TASK OBJECTIVE
For the material below, output exactly the span from the line with "Giappone Made Komatsu" to the line with "H3CR-F8 TWIN TIMER", including both, and nothing besides.

SOURCE MATERIAL

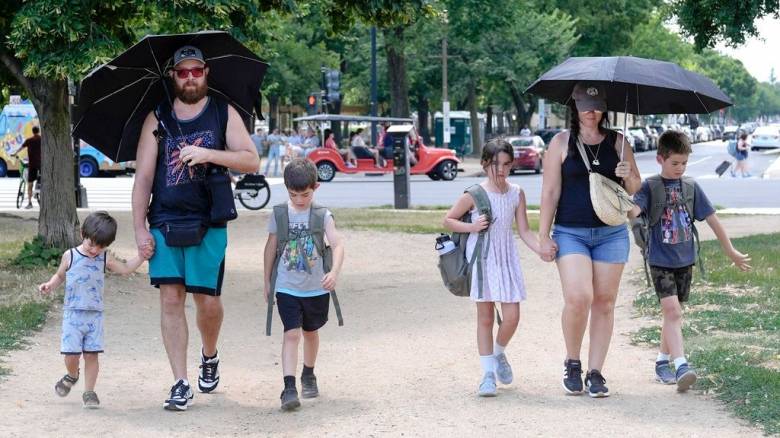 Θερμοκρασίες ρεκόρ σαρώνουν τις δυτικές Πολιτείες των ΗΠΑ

---

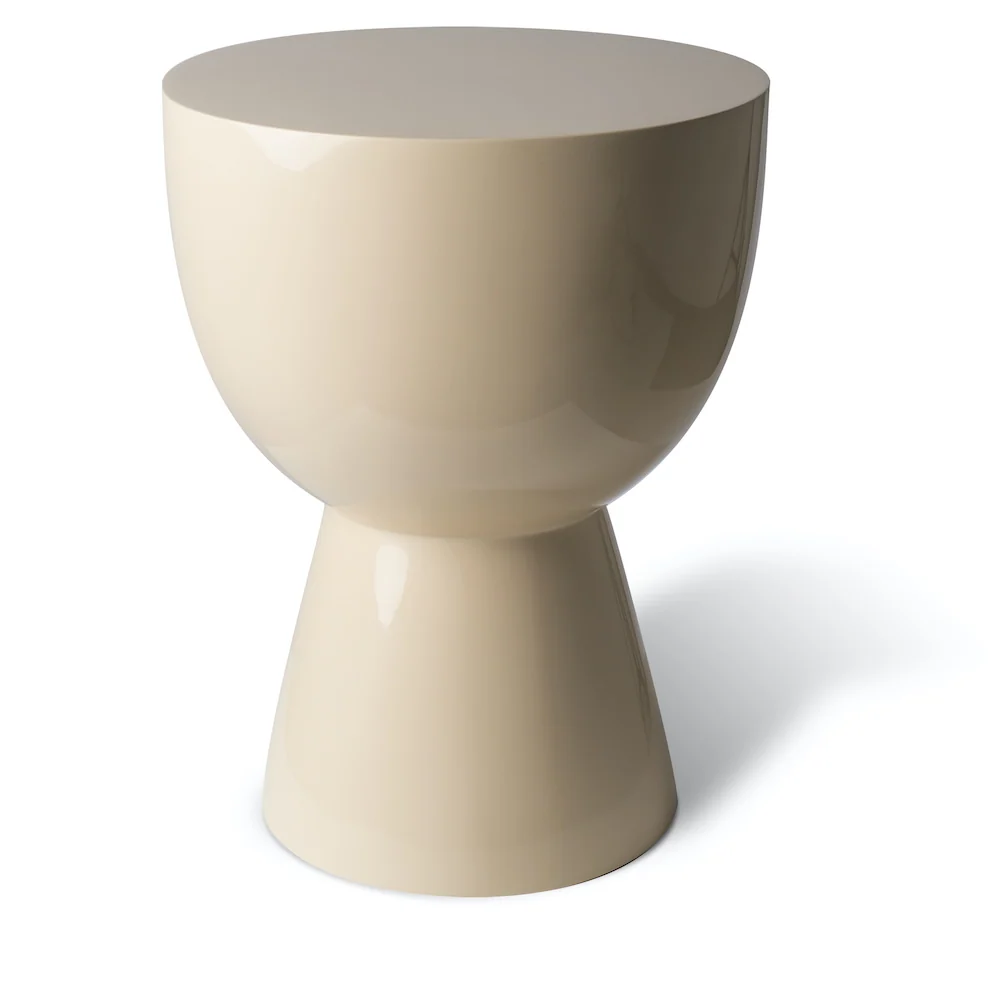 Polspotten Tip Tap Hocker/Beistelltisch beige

==

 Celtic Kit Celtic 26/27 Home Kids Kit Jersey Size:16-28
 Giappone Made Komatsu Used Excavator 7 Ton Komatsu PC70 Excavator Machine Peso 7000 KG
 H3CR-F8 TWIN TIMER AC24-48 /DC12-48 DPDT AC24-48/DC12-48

REPLY TO THE EXERCISE
 Giappone Made Komatsu Used Excavator 7 Ton Komatsu PC70 Excavator Machine Peso 7000 KG
 H3CR-F8 TWIN TIMER AC24-48 /DC12-48 DPDT AC24-48/DC12-48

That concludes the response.